Every good story involving a scrappy underdog hero needs a good villain. In 2001, the Minnesota Twins were the scrappy underdogs, not necessarily on the field, but just as a matter of their mere existence. Carl Pohlad and Bud Selig were the villains.
Selig was the perfect villain in all this, seemingly indifferent to other solutions aside from contraction, he leaned on his old ally, Pohlad, and offered a a ransom in order to dispose of the Twins, which Pohlad was eager to accept.

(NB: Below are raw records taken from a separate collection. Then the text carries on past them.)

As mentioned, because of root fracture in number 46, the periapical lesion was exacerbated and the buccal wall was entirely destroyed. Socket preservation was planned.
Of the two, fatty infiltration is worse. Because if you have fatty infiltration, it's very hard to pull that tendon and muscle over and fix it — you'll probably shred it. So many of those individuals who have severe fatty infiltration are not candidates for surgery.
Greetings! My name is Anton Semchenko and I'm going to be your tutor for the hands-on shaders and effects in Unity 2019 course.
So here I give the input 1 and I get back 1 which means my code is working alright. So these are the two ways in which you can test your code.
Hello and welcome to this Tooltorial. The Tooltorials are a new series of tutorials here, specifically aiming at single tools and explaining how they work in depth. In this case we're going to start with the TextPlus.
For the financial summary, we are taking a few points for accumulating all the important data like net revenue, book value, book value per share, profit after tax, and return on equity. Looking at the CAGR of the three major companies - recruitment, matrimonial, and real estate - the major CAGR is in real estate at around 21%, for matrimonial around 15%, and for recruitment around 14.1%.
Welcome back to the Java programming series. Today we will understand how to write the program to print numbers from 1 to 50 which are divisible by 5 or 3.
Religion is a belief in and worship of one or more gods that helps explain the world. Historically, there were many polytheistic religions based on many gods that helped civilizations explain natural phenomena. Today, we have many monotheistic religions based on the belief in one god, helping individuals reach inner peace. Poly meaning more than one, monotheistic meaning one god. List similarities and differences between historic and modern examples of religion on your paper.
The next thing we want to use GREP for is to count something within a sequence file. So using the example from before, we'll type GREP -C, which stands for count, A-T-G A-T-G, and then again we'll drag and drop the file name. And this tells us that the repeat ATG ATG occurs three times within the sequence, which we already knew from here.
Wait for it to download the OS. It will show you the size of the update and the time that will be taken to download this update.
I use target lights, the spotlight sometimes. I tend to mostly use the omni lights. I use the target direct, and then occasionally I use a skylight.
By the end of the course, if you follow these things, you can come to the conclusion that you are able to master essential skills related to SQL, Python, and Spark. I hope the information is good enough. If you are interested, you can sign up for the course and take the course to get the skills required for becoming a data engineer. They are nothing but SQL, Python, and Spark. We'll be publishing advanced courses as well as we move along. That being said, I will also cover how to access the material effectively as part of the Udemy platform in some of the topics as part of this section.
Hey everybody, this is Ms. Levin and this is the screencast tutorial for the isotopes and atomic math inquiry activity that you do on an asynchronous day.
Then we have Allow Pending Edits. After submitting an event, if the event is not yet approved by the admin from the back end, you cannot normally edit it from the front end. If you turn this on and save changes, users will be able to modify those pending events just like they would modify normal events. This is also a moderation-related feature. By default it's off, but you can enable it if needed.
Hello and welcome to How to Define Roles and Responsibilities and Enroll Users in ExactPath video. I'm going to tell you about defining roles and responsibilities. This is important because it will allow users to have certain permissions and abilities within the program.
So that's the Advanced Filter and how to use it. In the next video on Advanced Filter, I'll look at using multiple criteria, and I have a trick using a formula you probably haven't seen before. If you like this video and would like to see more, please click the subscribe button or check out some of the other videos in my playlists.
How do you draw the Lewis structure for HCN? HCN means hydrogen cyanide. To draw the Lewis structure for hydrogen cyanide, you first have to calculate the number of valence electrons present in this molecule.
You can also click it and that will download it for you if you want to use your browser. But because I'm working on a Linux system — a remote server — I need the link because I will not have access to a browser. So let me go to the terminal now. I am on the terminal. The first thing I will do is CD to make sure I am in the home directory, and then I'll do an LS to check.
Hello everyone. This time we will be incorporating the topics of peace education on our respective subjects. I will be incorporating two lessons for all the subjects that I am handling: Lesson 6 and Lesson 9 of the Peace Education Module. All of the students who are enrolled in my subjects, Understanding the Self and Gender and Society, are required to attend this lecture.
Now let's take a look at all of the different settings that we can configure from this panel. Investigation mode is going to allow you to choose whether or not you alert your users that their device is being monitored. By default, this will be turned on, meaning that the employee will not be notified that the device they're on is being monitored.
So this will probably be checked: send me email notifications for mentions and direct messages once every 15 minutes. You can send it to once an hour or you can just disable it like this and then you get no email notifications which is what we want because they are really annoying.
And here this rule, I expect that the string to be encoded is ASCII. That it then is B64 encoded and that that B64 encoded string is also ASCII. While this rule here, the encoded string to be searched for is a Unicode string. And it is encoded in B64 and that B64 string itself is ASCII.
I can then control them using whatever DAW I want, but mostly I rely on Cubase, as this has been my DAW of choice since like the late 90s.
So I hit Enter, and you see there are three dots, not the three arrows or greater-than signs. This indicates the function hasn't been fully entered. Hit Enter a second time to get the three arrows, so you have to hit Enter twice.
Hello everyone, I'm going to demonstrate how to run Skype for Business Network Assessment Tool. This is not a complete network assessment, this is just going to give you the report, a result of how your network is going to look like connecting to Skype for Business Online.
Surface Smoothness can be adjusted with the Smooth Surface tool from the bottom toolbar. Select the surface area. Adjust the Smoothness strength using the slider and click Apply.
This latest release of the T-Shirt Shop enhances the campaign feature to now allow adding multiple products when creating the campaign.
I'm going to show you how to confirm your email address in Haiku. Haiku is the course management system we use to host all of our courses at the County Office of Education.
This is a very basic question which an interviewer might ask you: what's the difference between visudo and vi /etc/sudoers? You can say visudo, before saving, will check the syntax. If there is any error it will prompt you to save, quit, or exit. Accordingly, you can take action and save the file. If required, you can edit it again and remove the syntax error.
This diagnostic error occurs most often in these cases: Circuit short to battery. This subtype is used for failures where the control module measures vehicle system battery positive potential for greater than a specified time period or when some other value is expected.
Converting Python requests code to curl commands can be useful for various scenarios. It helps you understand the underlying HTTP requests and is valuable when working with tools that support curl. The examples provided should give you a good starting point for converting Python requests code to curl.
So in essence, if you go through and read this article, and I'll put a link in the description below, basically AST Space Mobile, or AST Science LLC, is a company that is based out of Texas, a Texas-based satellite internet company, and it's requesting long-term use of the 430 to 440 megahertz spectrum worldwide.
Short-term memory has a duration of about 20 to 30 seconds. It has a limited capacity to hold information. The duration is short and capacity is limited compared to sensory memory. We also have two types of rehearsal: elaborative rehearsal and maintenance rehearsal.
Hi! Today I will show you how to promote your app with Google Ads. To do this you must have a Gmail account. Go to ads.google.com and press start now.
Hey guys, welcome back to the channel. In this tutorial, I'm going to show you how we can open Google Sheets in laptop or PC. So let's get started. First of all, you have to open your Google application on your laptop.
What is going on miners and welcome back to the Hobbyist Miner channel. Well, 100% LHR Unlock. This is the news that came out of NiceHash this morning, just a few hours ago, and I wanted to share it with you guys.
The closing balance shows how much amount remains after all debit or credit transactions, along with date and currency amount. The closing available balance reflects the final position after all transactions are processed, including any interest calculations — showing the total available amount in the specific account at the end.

The rumors of the Twins’ imminent demise galvanized the fan base, and they started turning out in droves for a revitalized team, with young players starting to come up through the ranks, from Torii Hunter to Cristian Guzman to AJ Pierzynski and Doug Mientkiewicz. Selig wasn’t going to take the Twins from Minnesota, especially after 10 years of insufferability, not without a fight. Their appeals, in part, bore out a court order that forced the Twins to stay another couple of years in the Metrodome and effectively ended the threat for contraction.
The fans that turned out in response to Selig’s quest to consolidate the league helped turn the team around as much as Terry Ryan and the players he brought forth. There were now butts in seats, and a definite interest. Building a new stadium would indeed be a good investment for the Pohlads, and construction would begin on Target Field a few years later.
The 2001 Twins weren’t the best team that the franchise has ever had, not by far, but they might have been the most important. The invigorated the fan base with their play, and the fans stuck around after ensuring that the team would stick around too. Would that have happened without Bud Selig’s threats? We’ll never know.
Anyways, he was inducted into the Hall of Fame over the weekend. He wasn’t liked by fans, but if you are of the opinion that the Hall of Fame is a museum first and foremost, it’s very difficult to say that Selig didn’t impact the game considerably.